### TRY IT
Return only the stretch of the material below that begins with the line containing "誰もよ気にく働く者はない キーホルダー (正面)" and ends with the line containing "Vista exterior de", exactly; both of those lines belong to it.
........
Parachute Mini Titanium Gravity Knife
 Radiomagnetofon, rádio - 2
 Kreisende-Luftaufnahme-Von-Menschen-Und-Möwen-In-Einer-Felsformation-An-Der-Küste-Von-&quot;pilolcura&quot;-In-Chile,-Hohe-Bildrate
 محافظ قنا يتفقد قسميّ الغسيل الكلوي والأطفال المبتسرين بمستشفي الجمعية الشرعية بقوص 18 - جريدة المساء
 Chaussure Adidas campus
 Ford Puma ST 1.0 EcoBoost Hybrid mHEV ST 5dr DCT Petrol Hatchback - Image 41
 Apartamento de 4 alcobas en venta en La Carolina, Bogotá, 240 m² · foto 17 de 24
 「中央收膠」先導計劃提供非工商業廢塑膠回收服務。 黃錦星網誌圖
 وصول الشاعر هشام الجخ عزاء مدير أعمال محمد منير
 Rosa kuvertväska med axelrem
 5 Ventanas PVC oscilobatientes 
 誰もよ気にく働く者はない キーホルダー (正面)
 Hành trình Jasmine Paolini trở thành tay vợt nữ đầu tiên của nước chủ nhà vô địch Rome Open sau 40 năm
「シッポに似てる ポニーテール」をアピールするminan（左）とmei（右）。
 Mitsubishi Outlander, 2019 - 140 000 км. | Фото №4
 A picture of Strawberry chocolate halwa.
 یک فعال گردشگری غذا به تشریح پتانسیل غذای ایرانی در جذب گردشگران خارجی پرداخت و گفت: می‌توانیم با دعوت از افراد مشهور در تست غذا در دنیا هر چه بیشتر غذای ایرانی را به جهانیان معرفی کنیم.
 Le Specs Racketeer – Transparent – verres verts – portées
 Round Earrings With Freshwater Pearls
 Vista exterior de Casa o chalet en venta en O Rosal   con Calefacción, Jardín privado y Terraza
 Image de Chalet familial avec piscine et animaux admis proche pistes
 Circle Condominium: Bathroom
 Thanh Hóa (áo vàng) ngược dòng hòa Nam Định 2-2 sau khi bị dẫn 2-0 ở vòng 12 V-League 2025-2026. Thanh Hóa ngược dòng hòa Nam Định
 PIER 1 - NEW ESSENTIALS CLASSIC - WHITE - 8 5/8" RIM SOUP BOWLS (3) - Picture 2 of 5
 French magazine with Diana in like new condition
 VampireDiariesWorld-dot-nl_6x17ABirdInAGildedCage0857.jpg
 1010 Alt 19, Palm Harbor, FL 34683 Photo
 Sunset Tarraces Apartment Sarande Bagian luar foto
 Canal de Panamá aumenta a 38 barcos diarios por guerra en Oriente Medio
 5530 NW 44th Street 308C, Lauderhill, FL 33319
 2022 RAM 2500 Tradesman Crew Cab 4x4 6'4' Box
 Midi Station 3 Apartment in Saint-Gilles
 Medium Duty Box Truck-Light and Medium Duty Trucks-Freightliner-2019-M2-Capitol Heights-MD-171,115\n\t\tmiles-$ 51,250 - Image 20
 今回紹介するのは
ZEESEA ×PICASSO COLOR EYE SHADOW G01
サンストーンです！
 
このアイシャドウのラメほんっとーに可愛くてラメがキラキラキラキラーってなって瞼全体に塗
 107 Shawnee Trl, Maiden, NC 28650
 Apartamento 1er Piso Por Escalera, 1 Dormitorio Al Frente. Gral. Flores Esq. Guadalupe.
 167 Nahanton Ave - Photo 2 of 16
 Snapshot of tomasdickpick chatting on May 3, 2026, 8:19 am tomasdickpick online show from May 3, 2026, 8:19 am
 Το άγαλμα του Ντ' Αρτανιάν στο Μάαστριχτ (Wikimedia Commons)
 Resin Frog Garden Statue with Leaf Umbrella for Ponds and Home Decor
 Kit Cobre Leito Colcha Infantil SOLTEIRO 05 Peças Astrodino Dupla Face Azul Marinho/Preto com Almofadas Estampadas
........
### WORKED SOLUTION
 誰もよ気にく働く者はない キーホルダー (正面)
 Hành trình Jasmine Paolini trở thành tay vợt nữ đầu tiên của nước chủ nhà vô địch Rome Open sau 40 năm
「シッポに似てる ポニーテール」をアピールするminan（左）とmei（右）。
 Mitsubishi Outlander, 2019 - 140 000 км. | Фото №4
 A picture of Strawberry chocolate halwa.
 یک فعال گردشگری غذا به تشریح پتانسیل غذای ایرانی در جذب گردشگران خارجی پرداخت و گفت: می‌توانیم با دعوت از افراد مشهور در تست غذا در دنیا هر چه بیشتر غذای ایرانی را به جهانیان معرفی کنیم.
 Le Specs Racketeer – Transparent – verres verts – portées
 Round Earrings With Freshwater Pearls
 Vista exterior de Casa o chalet en venta en O Rosal   con Calefacción, Jardín privado y Terraza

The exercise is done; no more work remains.